• _How to complete this task_:
Give again, word for word, the lines below that run from the line with "9ct White Gold" through the line with "Yamaha R1 Toppskick, påkostad". Drop the pictures.

• _Data provided_:
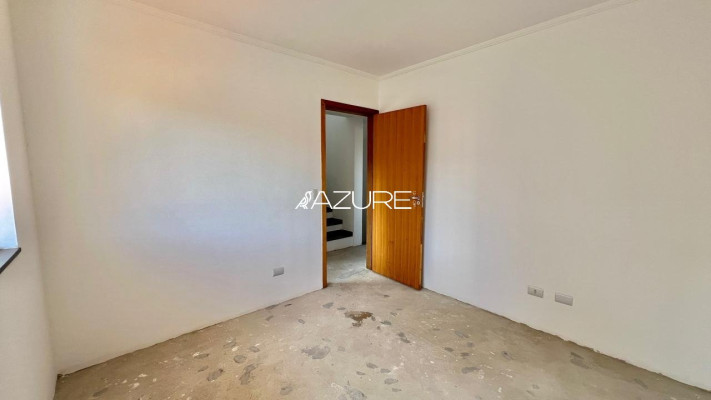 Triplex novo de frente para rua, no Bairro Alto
...
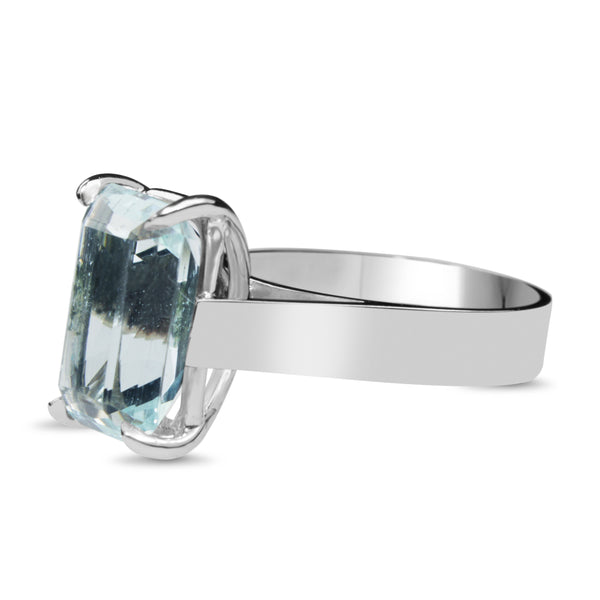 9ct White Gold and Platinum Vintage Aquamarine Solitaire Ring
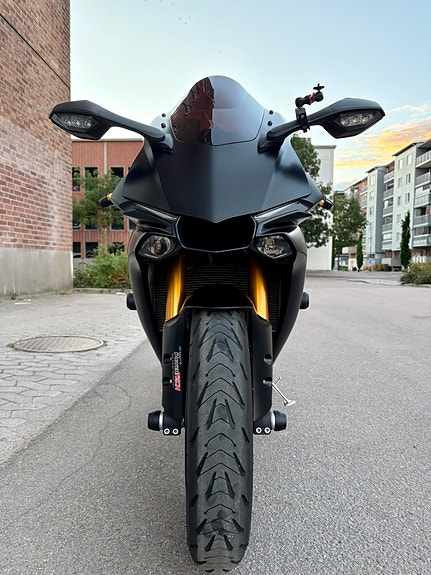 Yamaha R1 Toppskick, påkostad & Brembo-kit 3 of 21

• _Task result_:
 9ct White Gold and Platinum Vintage Aquamarine Solitaire Ring
 Yamaha R1 Toppskick, påkostad & Brembo-kit 3 of 21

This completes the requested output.